The parser is written in PeggyJS, which uses recursive parsing. After automatic semicolon insertion is done, the code will be parsed into an AST which comprises of tokens.

Compilation

With the tokens in the AST, the compiler will start to construct virtual machine instructions and also perform the related checks, such as type checking and namespace checking.

Execution

When the instructions are constructed, the runtime system will start executing these instructions from start to end.

Currently Supported Features

The current implementation supports the following features.

Functions returning multiple values at once

Typically, in most programming languages, they only allow you to return 1 value from a function. If you wanted to have it return multiple values, you would need to wrap it in a data structure and return that data structure. However, in Go, there is no need for that. You can simply assign the same number of variables at the left hand side of the assignment statement as the number of return values by the function call on the right hand side of the statement. The following code will be permissible in Go:

package main
import "fmt"

func help() (int, int) {
    return 2, 6
}

func main() {
    a, b := help()
    fmt.Println(a, b) // prints 2, 6
}

Return values in this implementation is implemented by simply pushing them onto the operand stack (OS). After which, there will be a LoadVariableInstruction to load the variable which is to be assigned that value, then StoreInstruction must be the next instruction to pop the variable and the value to store the value in that variable.

Goroutines

Goroutines are just like threads but they are much more lightweight. They can be used in this way:

package main
import "fmt"

func help() {
    fmt.Println("Hello World")
}

func main() {
    go help()
}

Of course, just like threads in other programming languages, this program will most likely not result in any output, as the main context exits before the goroutine can be executed. For the goroutine to be executed, we have to let the runtime system perform context switching into the goroutine's context before the main context exits. This can be achieved either by forcing the main context to perform busy waiting, or through the use of sync.WaitGroup.

package main
import "fmt"
import "sync"

var wg sync.WaitGroup

func help() {
    fmt.Println("Hello World")
    wg.Done()
}

func main() {
    wg.Add(1)
    go help()
    wg.Wait()
}

sync.WaitGroup has 3 functions implemented: Add(), Wait() and Done().

  • Wait(): Forces a context to block (wait) until the WaitGroup's variable counter is 0
  • Add(): Increments the WaitGroup's variable counter by the specified integer, it cannot be negative
  • Done(): Decrements the WaitGroup's variable counter by 1. Cannot decrement a WaitGroup's variable counter of 0.

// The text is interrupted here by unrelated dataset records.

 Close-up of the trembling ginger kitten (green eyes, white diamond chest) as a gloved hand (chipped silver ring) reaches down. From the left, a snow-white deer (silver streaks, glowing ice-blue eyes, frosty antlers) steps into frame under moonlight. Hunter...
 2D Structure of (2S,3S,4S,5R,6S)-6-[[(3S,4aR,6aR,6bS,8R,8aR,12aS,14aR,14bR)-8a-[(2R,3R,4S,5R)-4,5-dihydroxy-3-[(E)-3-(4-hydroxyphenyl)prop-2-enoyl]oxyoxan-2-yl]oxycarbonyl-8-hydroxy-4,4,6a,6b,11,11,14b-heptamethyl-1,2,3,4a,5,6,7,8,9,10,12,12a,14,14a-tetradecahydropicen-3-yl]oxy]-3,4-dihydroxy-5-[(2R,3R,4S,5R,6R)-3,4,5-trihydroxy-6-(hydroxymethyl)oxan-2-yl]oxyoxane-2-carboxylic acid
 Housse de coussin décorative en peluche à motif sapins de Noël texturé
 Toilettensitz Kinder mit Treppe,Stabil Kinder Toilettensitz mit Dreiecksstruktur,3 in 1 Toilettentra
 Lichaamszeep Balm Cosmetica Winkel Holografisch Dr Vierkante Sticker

In the case of accessing "critical sections" (sections where it is important that only 1 context can access it at any time), we can use sync.Mutex.

package main
import "fmt"
import "sync"

var dollar int
var wg sync.WaitGroup
var mu sync.Mutex

func steal() {
    mu.Lock()
    dollar = dollar - 10
    mu.Unlock()
    wg.Done()
}

func main() {
    dollar = 100
    for i := 0; i < 10; i++ {
        wg.Add(1)
        go steal()
    }
    wg.Wait()
}

sync.Mutex has 2 functions implemented: Lock() and Unlock().

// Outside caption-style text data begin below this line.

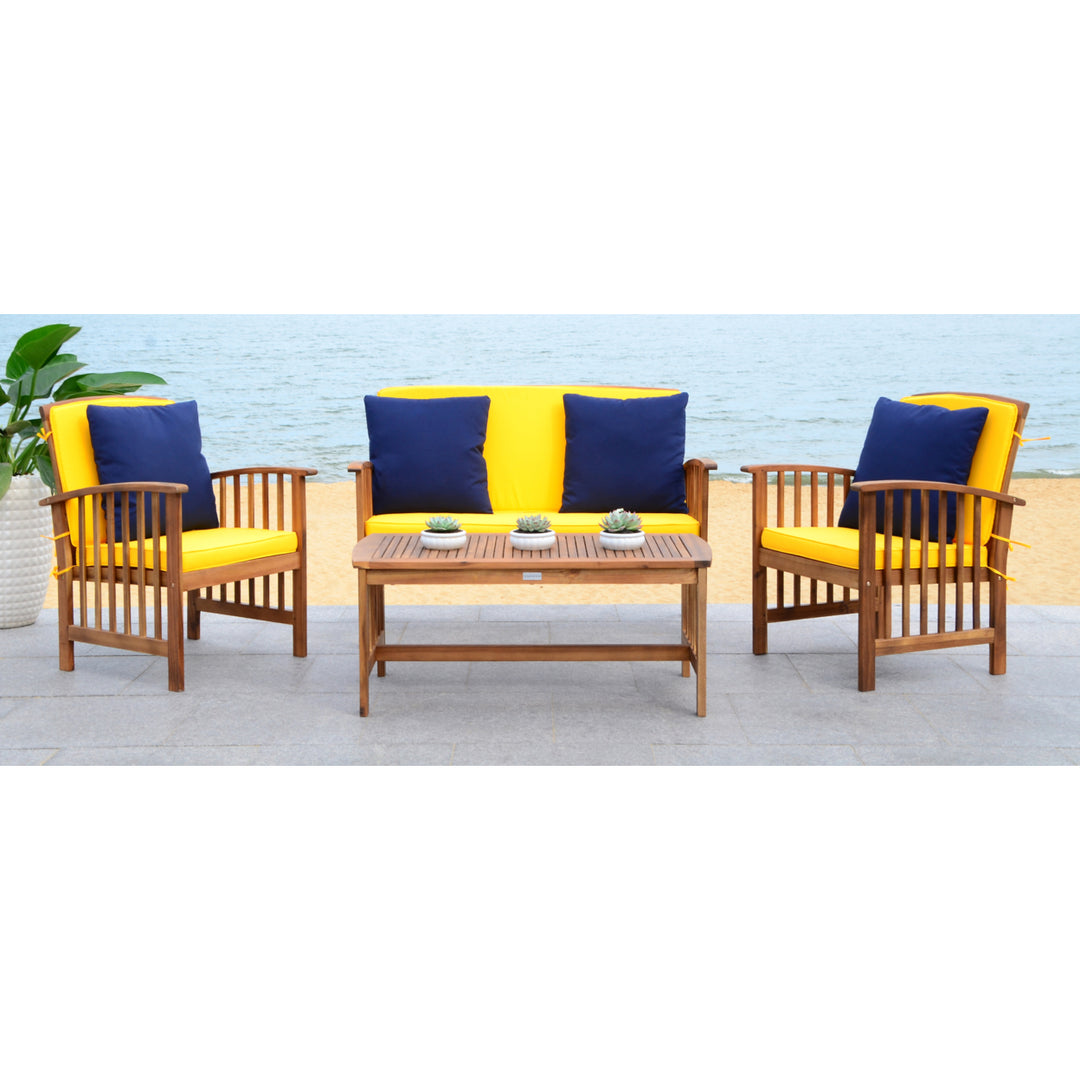 SAFAVIEH Outdoor Collection Rocklin 4-Piece Patio Set Natural Look/Yellow Image 1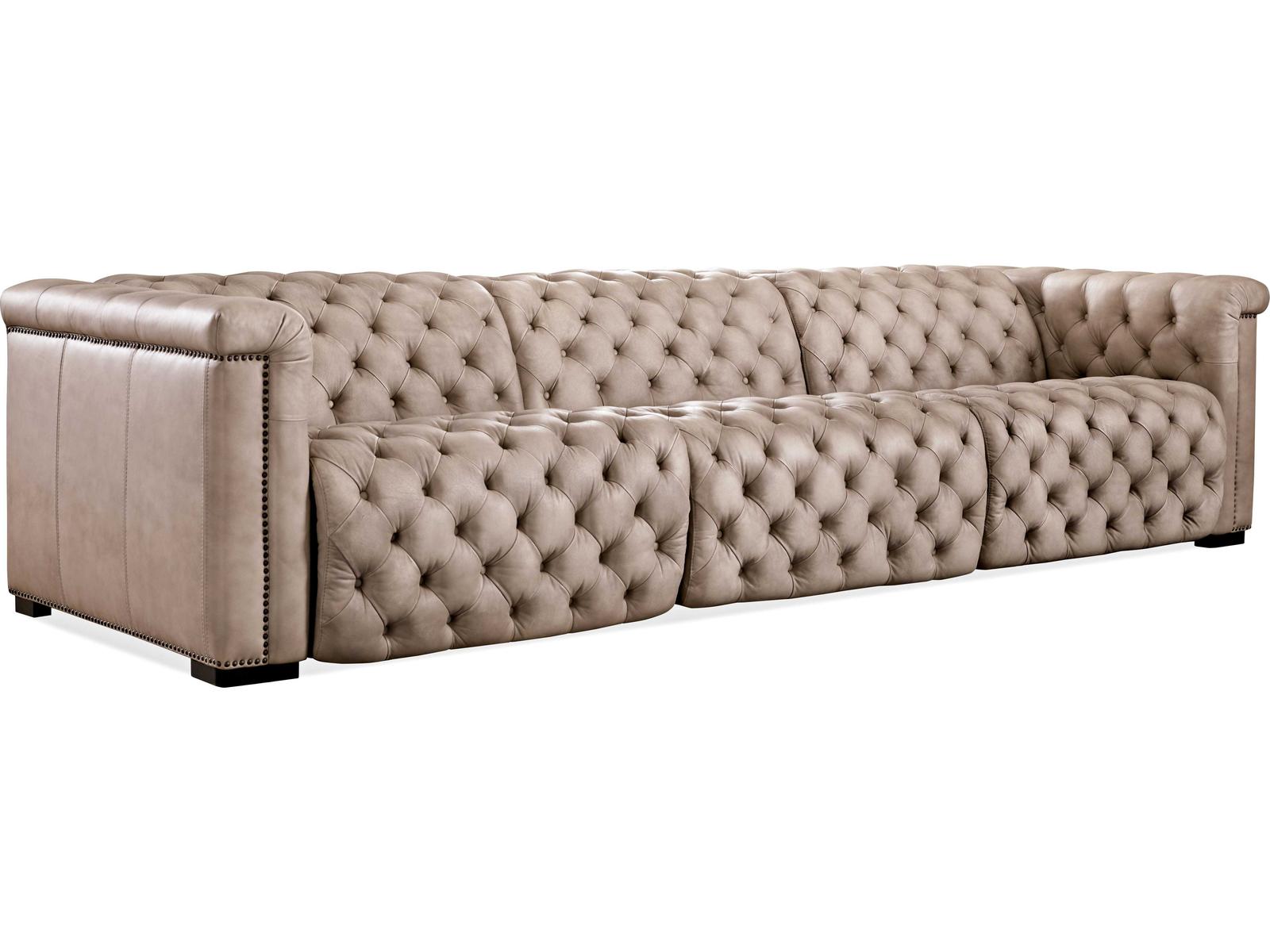 Heritage Grandier Power Recliner Tufted Giovanni Taupe Dark Wood Beige Leather Sofa with Headrest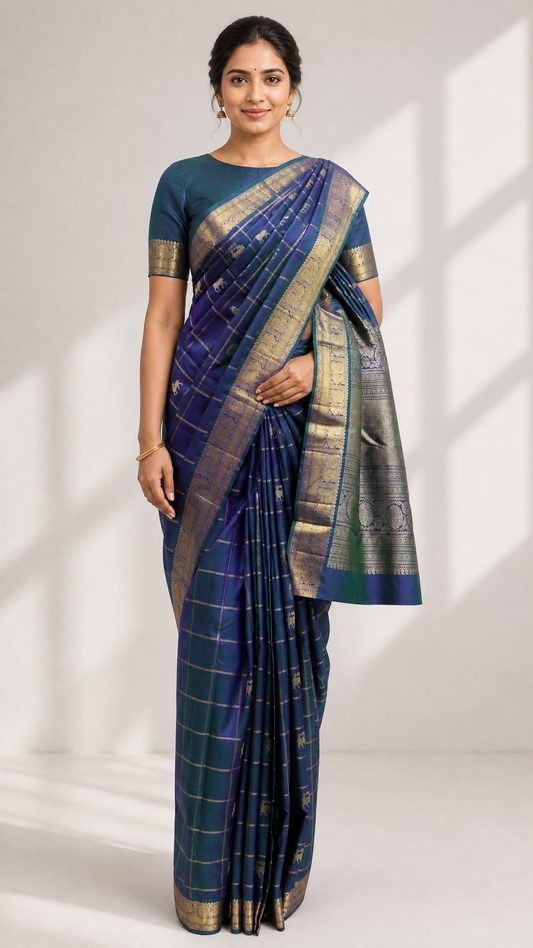 Woman wearing peacock blue Kanjeevaram saree with gold zari katam butta and border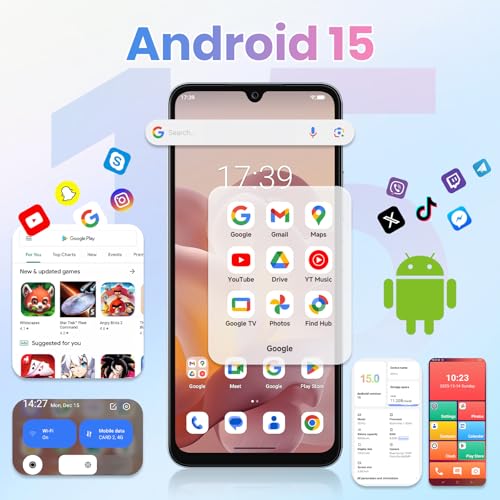 FOSSIBOT S5 Pro Android 15 Smartphone | 32GB+256GB/2TB, 6.88" HD, 6000mAh, 50MP+8MP AI Camera - 2026 Black Cell Phone - Image 3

  • Lock(): Locks an unlocked mutex. If the mutex is already locked, the context will be blocked until it is unlocked.
  • Unlock(): Unlocks a locked mutex. If the mutex is already unlocked, it will panic (runtime error).

Defer statements

Defer statements basically defer the operation until the function returns. It is useful and convenient for writing code that will execute after the function ends. Defer statements must be function calls.

Structs

Structs is a data structure found in common programming languages. A struct can be declared either as a declared type or as an anonymous struct.

package main
import "fmt"

type Person struct {
    Name string
    Age int
}

func main() {
    a := Person{Name: "John", Age: 30} // declared type with key
    b := Person{"Tom", 33} // declared type without key, fields must be in the same sequence as the declared type
    c := struct{
        Name string
        Age int
    }{"Jack", 40} // anonymous struct
    fmt.Println(a) // returns {John 30}
    fmt.Println(b) // returns {Tom 33}
    fmt.Println(c) // returns {Jack 40}
}

To access a field in the struct, we use the dot operator. Using the above example:

fmt.Println(a.Name) // returns John
fmt.Println(b.Age) // returns 33
fmt.Println(c.Name) // returns Jack
fmt.Println(c.Age) // returns 40

In the memory system, structs are represented as a StructNode with pointers pointing to its fields. structnode

Pointers

Pointers are variables that store the address of other variables. In Go, we can obtain addresses of either variables or pointers, and indirect (also known as dereference in C) a pointer to get the value of the variable.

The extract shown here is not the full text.